On 2020-08-07 1:06 PM, Cezary Rojewski wrote:
Implement support for Lynxpoint and Wildcat Point AudioDSP. Catpt solution deprecates existing sound/soc/intel/haswell which is removed in the following series. This cover-letter is followed by 'Developer's deep dive' message schedding light on catpt's key concepts and areas addressed.
Developer's deep dive =====================
Purpose of this message is explanation of Catpt's key concepts, problems addressed when compared to /soc/intel/haswell/ (which from now on will be addressed to as /haswell/) as well as answeing major why(s) surrounding the subject. Message does not explain every detail of every process as it's length is already high without doing so. In case of any question and areas which have not beed mentioned here, please don't hesitate to send an email.
Following removal of /haswell/ and moving forward -------------------------------------------------
Catpt is a direct replacement for existing /haswell/ solution. Because of userspace API being inherited as well as FW binary re-used, /haswell/ is going to be removed entirely in the follow-up series. In consequence of that action, majority of processing code found in /soc/intel/common becomes redundant. /common/ was supposed to host code common to Intel AudioDSP architectures. Unfortunately, it never lived up to the expecations. Most of code found there is LPT/WPT specific with some /soc/intel/baytail/ deviates while /soc/intel/skylake/ moved most of it's stuff away from /common/ - even DSP initialization.
To my knowledge, no device makes use of legacy /baytail/ solution any longer with all the products enlisting either /soc/intel/atom/ or /soc/sof/intel/. Following the sanitization of /common/ folder, the logical next step is removal of /baytrail/.
LPT and catpt -------------
I'm not aware of any released Haswell-based product with AudioDSP capability, despite these being planned for some Ultrabooks initially. Broadwell ADSP on the other hand, was released and is present on the marked.
Decision not to cut LPT's ACPI ID off from /catpt/device.c is maintainance based. While a piece of most of the models found on the market is in IGK or Bangalore validation teams hands, the quantity is very limited (~1 per model). On top of that, production stuff is poor ContinuousIntegration medium. Our CI, once attached to the platform, takes basically entire control over it, in exchange allowing to perform test cycles in rapid fashion. Tests areas include but are not limited to D3/D0, S3, S4, S5, G3 (power off), individual streaming, concurrent streaming, cpu overload (so on and so forth..).
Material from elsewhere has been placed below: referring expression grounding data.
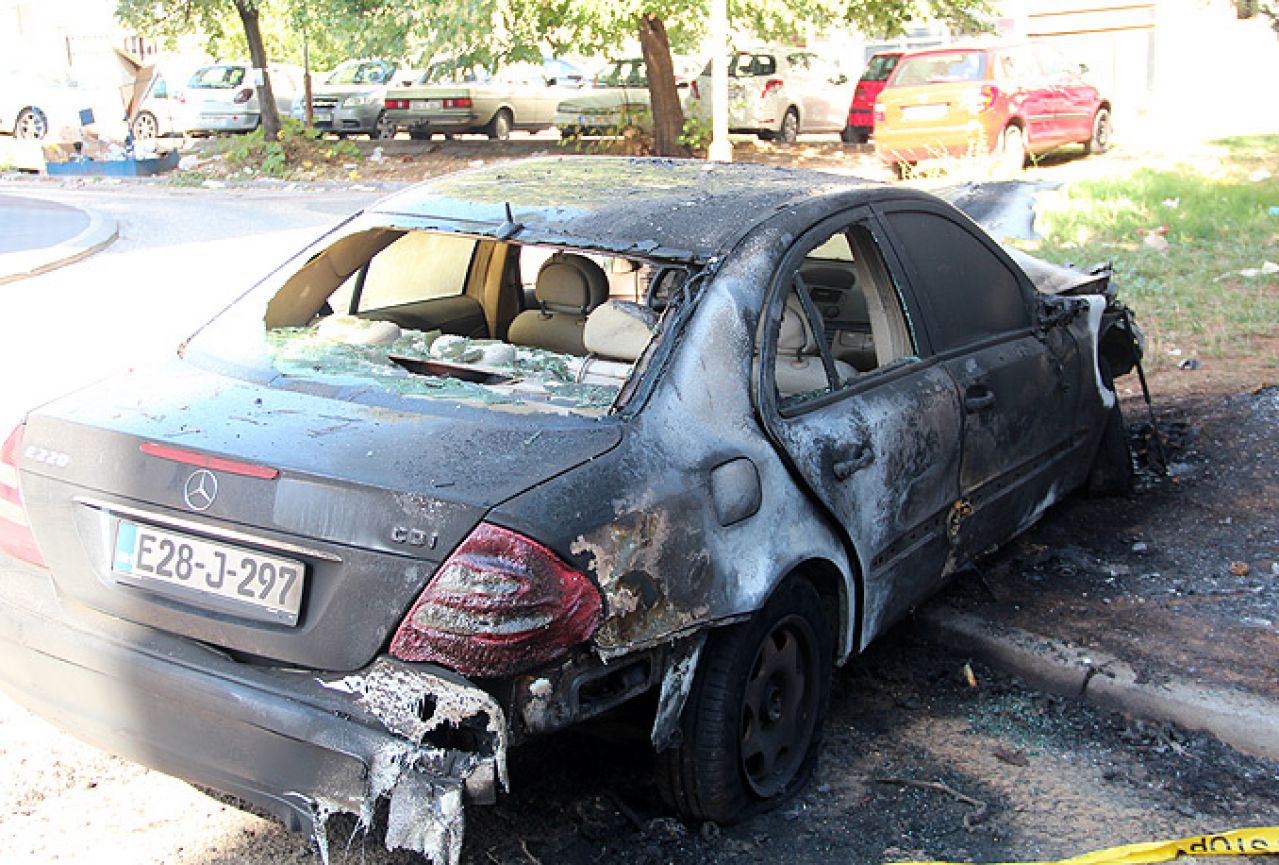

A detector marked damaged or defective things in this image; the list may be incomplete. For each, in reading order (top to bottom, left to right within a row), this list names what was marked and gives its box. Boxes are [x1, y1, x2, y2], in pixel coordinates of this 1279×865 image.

charred car roof [368, 156, 890, 262]
broken rear windshield [182, 216, 690, 419]
burnt taillight [0, 424, 46, 568]
burnt car hood [18, 358, 619, 670]
burnt taillight [391, 519, 601, 675]
burned car [0, 157, 1140, 865]
detached bumper piece [0, 560, 503, 865]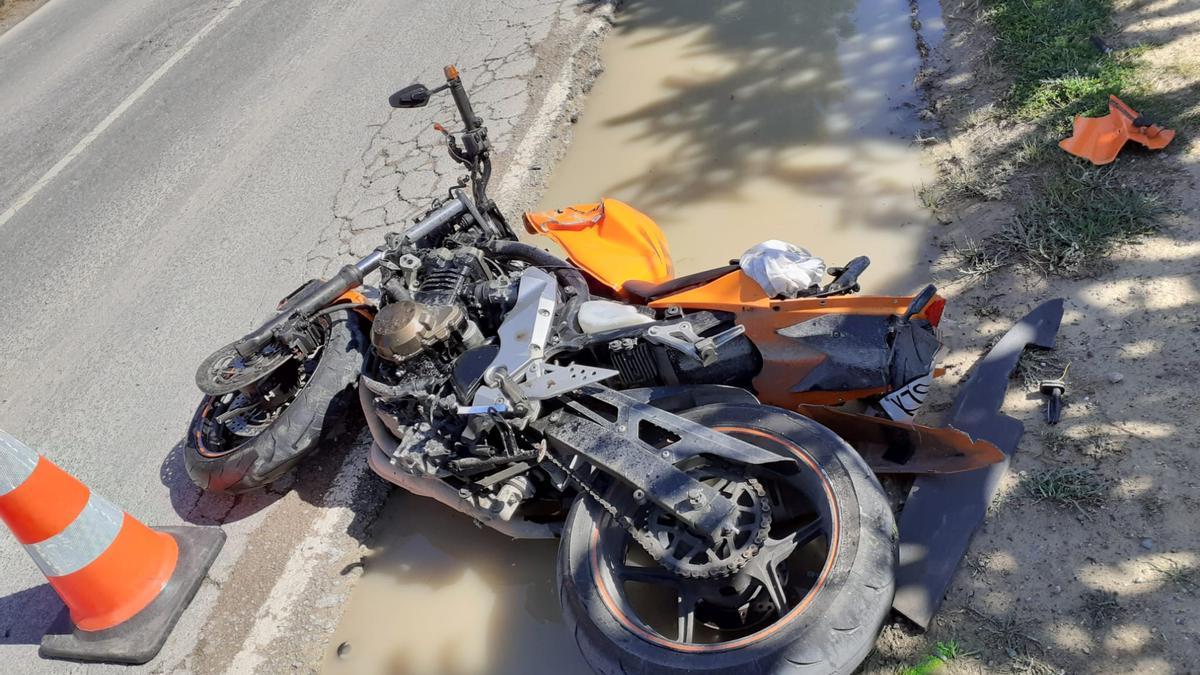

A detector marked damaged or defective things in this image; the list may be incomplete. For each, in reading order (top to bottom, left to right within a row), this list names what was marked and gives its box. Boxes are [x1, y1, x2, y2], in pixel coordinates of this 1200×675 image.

cracked asphalt [0, 0, 604, 667]
crashed motorcycle [184, 64, 974, 672]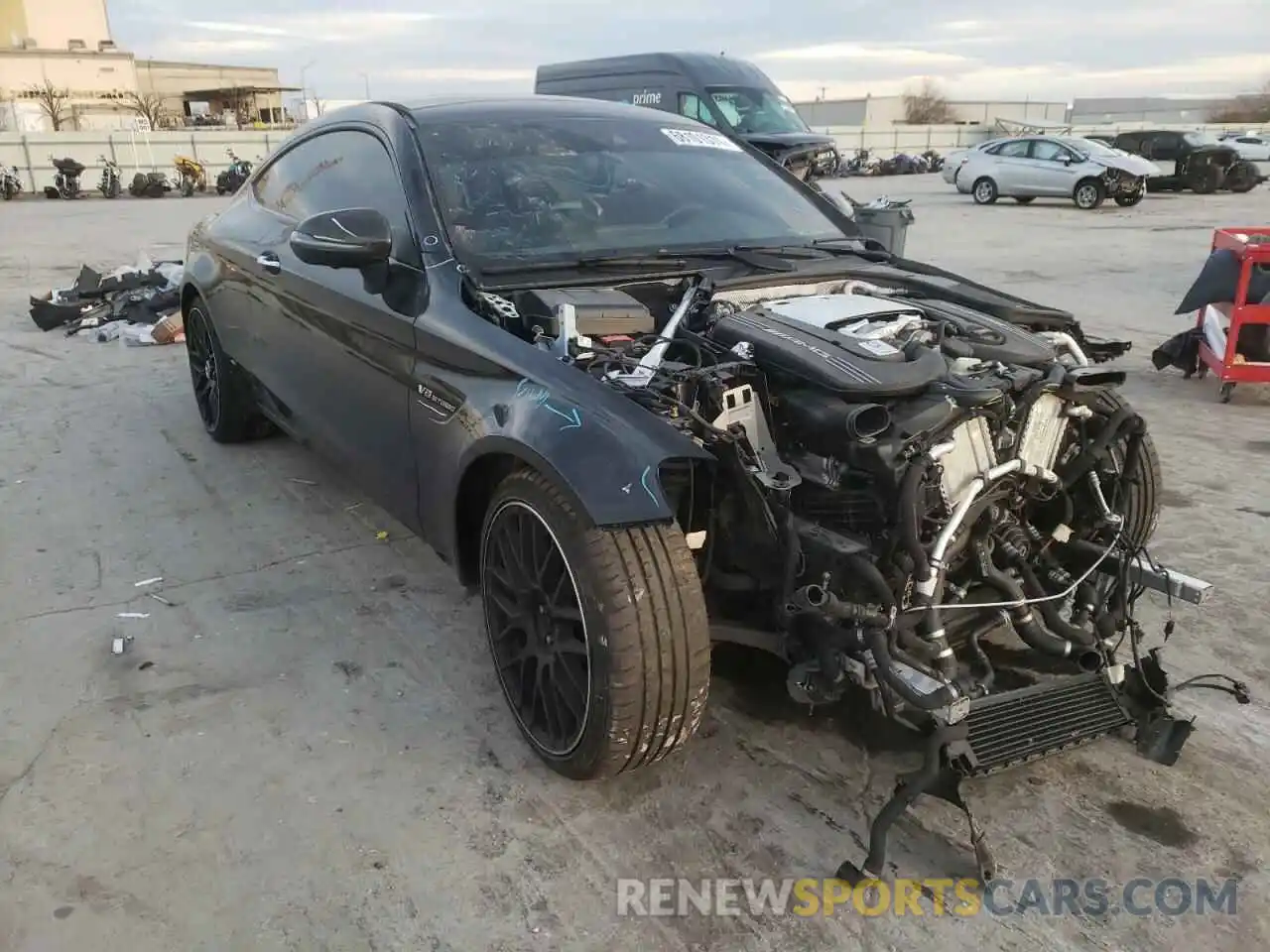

That comes in cost of preparation - GPIOs and other pins need to be exposed and available for our CI and external hw: power switches, hydras for dynamic external codec connections and disconnections and more. Production stuff, for obvious reasons does not expose such capabilities. This is different on RVPs which are made for that very purpose and are very CI-friendly. There are more of them available too.
Age of the LPT/WPT architecture has its toll, though. Not many working RVP exemplars are available and even less CPUs - yes, you need a special one to match the RVP, production CPU won't cut it. TLDR: there are not enough working WPT RVPs when combined with pre-release CPUs to mark catpt CI healthy for long-term validation (2-3 years+). To compensate, holes have been filled with LPT equivalents.
Considering DSP hw capabilities are basically identical between LPT and WPT with FW code being shared for both of them (one branch) this allows for high test coverage of DSP functionality regardless of PCH present. Codecs support is shared too - /soc/intel/boards/haswell.c aka hsw-rt5640.c and /soc/intel/boards/broadwell.c aka bdw-rt286.c are PCH agnostic. Kernel code differences are minimal between the two and will probably be reduced even more in the future. Given the reasons presented above, I believe gains from healthy CI and test coverage heavily outweight the maintainance cost of few lines of code appending LPT device support.
Device and its components -------------------------
Device probing has been redesigned to accommodate for: single platform_device solution coupling dw_dma dev with actual ADSP device
Starting point was two platform_devices as in /soc/intel/common/sst-acpi.c. First gets created when specific acpi_id is found within DSDT ACPI table and then callback is performed on successful firmware file request which creates yet another device: this time for PCM operations - haswell-pcm-audio. Having in mind Greg KH's idea of reduction of number of platform_devices in Linux environment, decision was made to cut the later off.
This raised a dependency issue as DW DMA Controller - one of LPT/WPT AudioDsp device components - requires the device to be up and running before being probed. Moreover, because of said controller making use of pm_runtime during release, it is paramount pm_runtime is disabled before invoking it. To address this, catpt's .probe() calls _dsp_power_up() - which takes device out of D3 and allows for I/O access before proceeding with DW DMA controller. .remove() starts with pm_runtime_disable() so postmortem suspend and resumes are prevented.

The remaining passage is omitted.